═══ Data excerpt

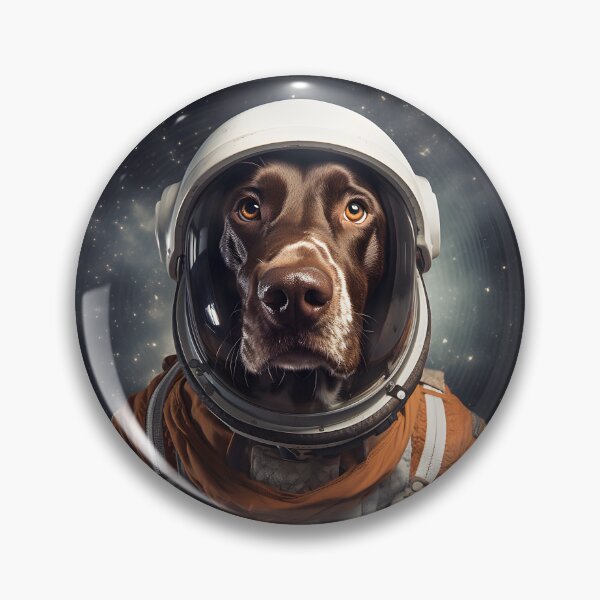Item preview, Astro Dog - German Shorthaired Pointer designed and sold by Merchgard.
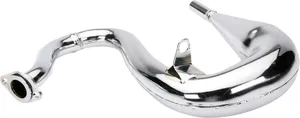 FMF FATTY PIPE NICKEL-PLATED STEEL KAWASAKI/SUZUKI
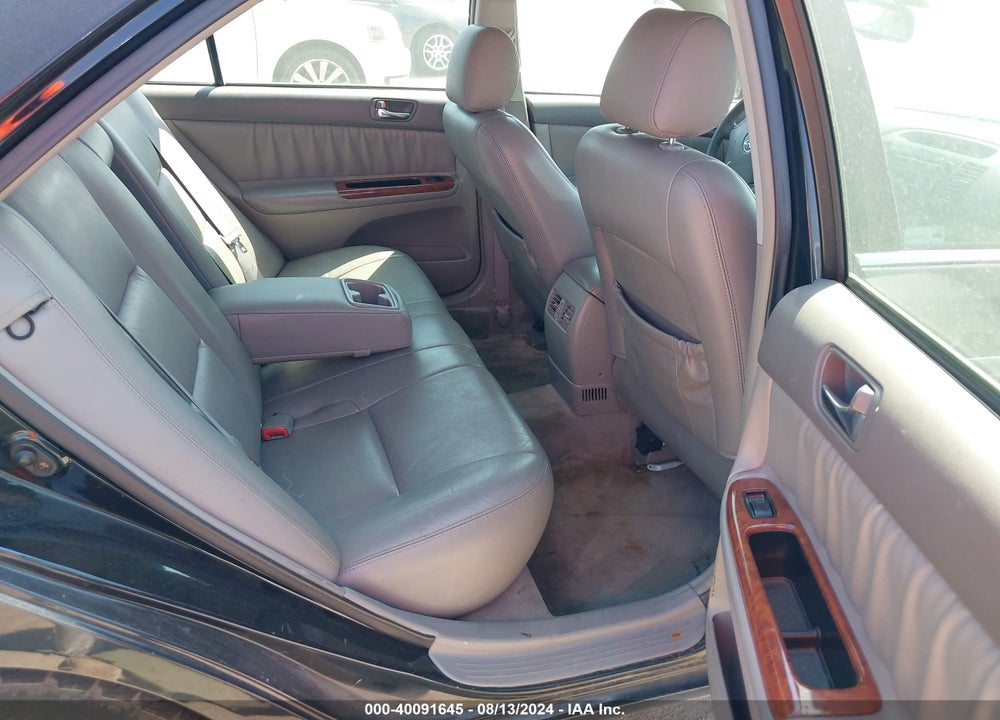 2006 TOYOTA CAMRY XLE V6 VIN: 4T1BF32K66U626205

══════

The reply must consist of the complete listing, reproduced exactly, with no images.

- [Task answer]:
Item preview, Astro Dog - German Shorthaired Pointer designed and sold by Merchgard.
 FMF FATTY PIPE NICKEL-PLATED STEEL KAWASAKI/SUZUKI
 2006 TOYOTA CAMRY XLE V6 VIN: 4T1BF32K66U626205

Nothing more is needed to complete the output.